Otherwise, this is a surprisingly quitet block in an un-quiet area, right off Market and the freeway onramp. It is a block of its own, but once we walked out, we faced homeless people, shopping carts, and large apartment buildings without much character. Walking to Hayes is possible, it only take around 10 minutes, bit was not much fun, you have to walk 7-8 blocks, and cross the Fell/Oak corridor. It is in between some nice lively neighborhoods like Dolores, Hayes, Castro, but this area is distinctly outside all of them, and kind of feels like a “transitional” area without much personality.
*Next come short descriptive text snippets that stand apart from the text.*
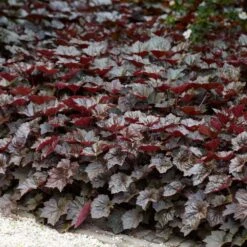 Heuchera Micrantha 'palace Purple' - Campanule - Vivace - Rustique – ⌀9 Cm - ↕10-15 Cm -Terre et Verdure 640b753642c461.03995260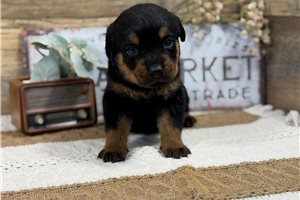 Maxx - Rottweiler for sale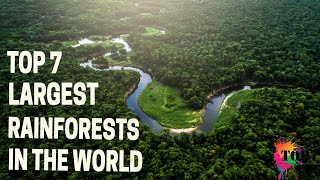 TOP 7 largest rainforests in the world [upl. by Aikemal346]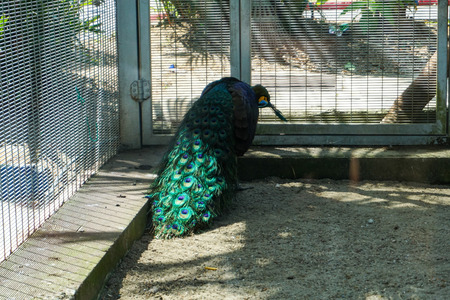 Peacock in Captivity - imageの写真素材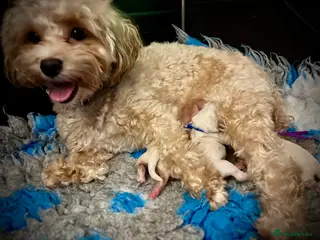 Maltipoo dogs 💞 Beautiful F1b Maltipoo puppies 💙 - Advert 11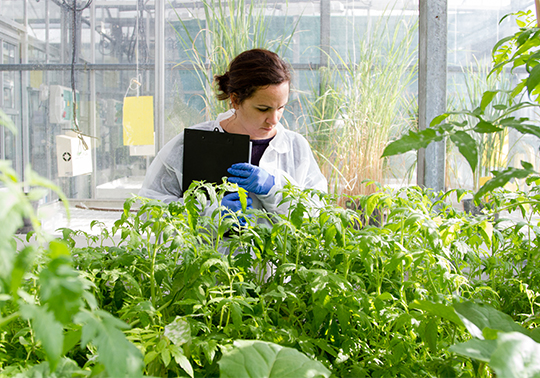 Researcher in a greenhouse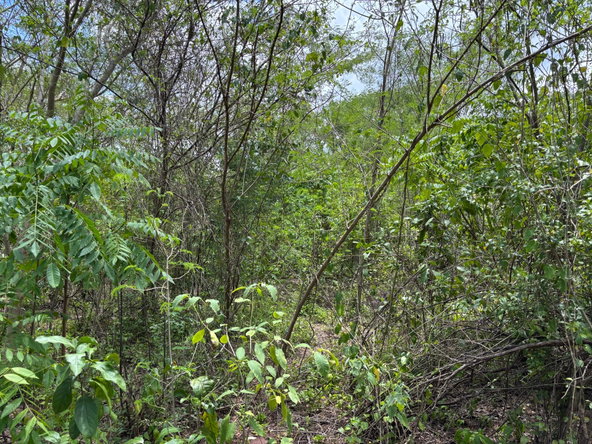 Ninth image of Treadlight in May Pen, Clarendon, Jamaica - property is For Sale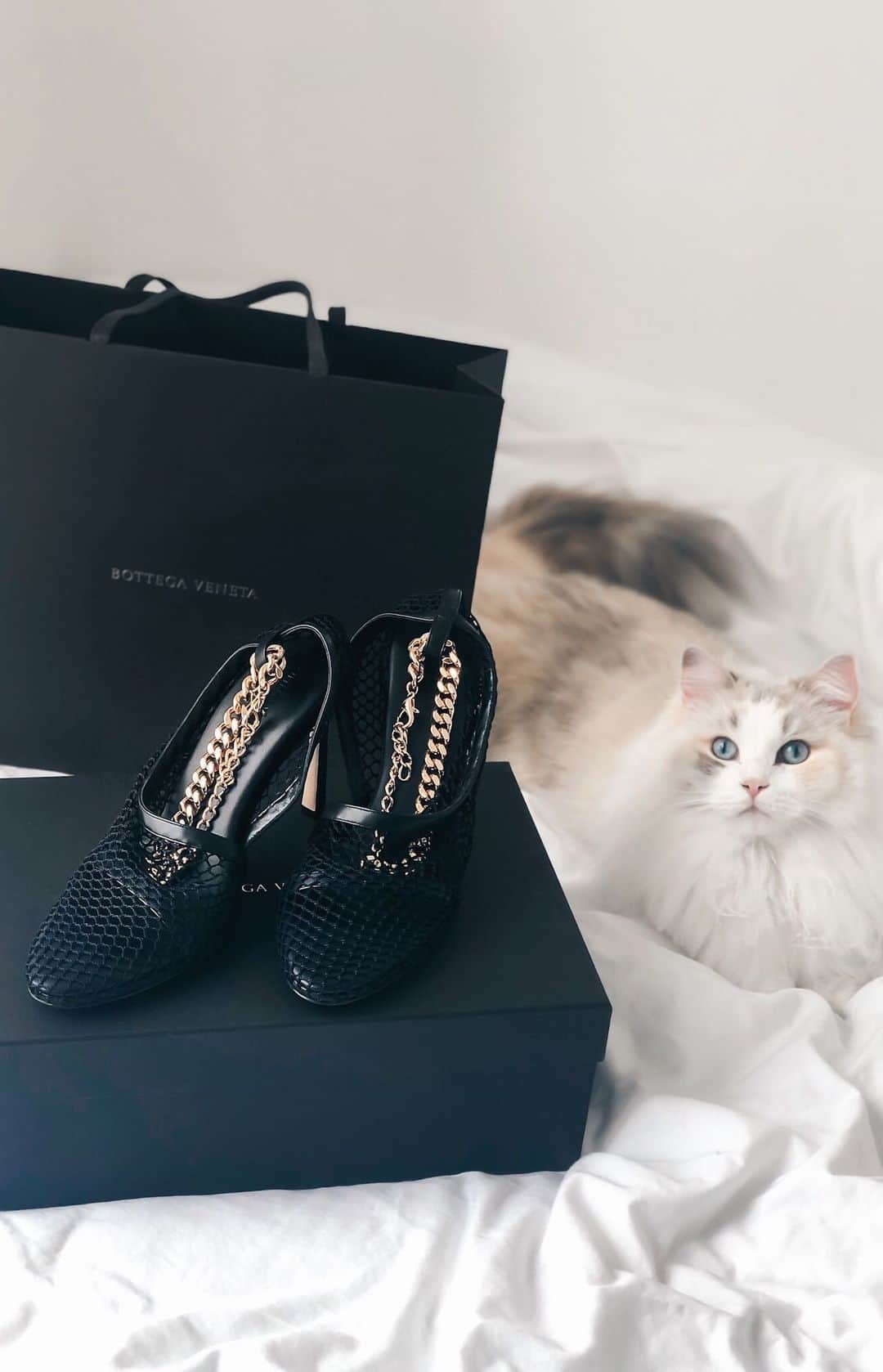 Ruby Kwanのインスタグラム：「#TuesdayShoesday Let’s have a shoes unboxing video today. Obsessed with @bottegaveneta #meshpumps. 😍 I already have the first version. You can scroll to my #rougeclosetunboxing #IGTVseries to watch them again. But now I can’t resist the 2nd version too. 🙈 I have the nude colour previously. So, this #ss20 version are in black without any doubt. They are very comfortable I have to say with the newly added cashmere cushion sole. Ohh! So nice. 😻😻😻 what do you think? You prefer the first or this second version? Let me know. 😘 #bottegaveneta #newbottega #daniellee  Shop them here: https://rstyle.me/cz-n/d4aqcxbwxf7 _______________________________________________________ #bottegavenetashoes #bottegavenetass20 #bvshoes #bottegavenetasandals #bottegavenetabydaniellee #newbottegaveneta #rubyk #unboxingvideo #bottegavenetaunboxing #rubykwan #lunaandqoony #blacksandals #shoesporn #luxuryfashion #luxuryfashionlove #unbox #minimalistfashion #styleinspirations #realstyle #hongkong #styleblogger」
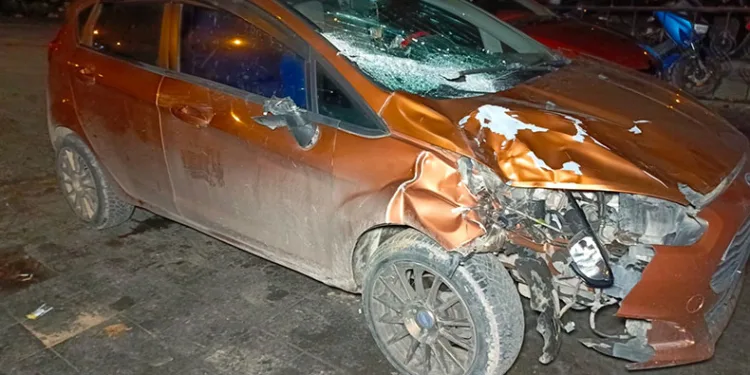 Bursa’da otomobil yola fırlayan mandaya çarptı
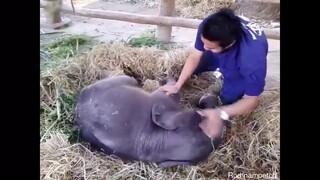 ดูทีไรคิดถึงน้ำเพชรตอนตัวเล็กๆน่ารักดี🐘😘😘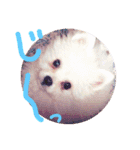 仔犬のるるちゃん（個別スタンプ：13）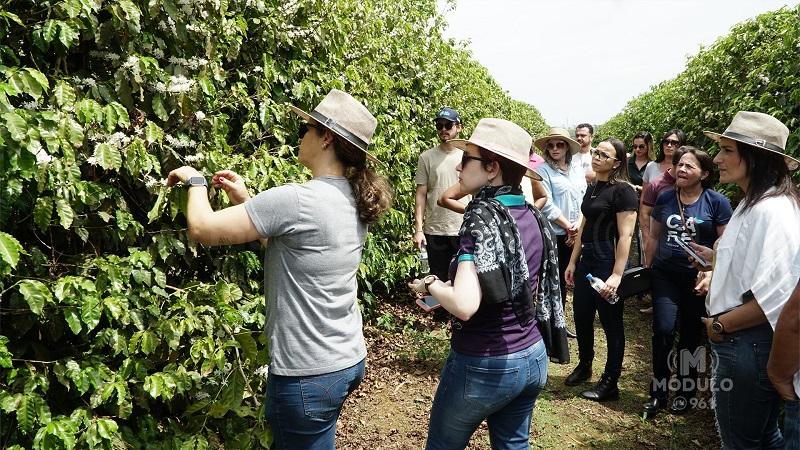 Rota do Café do Cerrado Mineiro recebe visita-teste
For commuting though, it doesn’t get any better, as the realtor aptly says so…
It may have good upside as the building next door completes, and depending on how the area transforms in the next few years, but right now, it is not very attractive.
86 Waller sold for $1,269,000 with multiple offers. It was 1494 square feet. I noticed some structural challenges with the building but did not do an inspection so am not sure what the implications are.
69 Waller is 2174 square feet according to the tax records – but I have not verified that square footage. My tape measure is not long enough 🙂
The site next door was sold to Joe Cassidy Construction. The project was owned by Bayrock Residential. I think it is going to have about 100 condo units. I am not sure the mix of commercial. If you would like to see the plans feel free to call me at 415.863.Katy (5289) or email me at Katy@863Katy.com.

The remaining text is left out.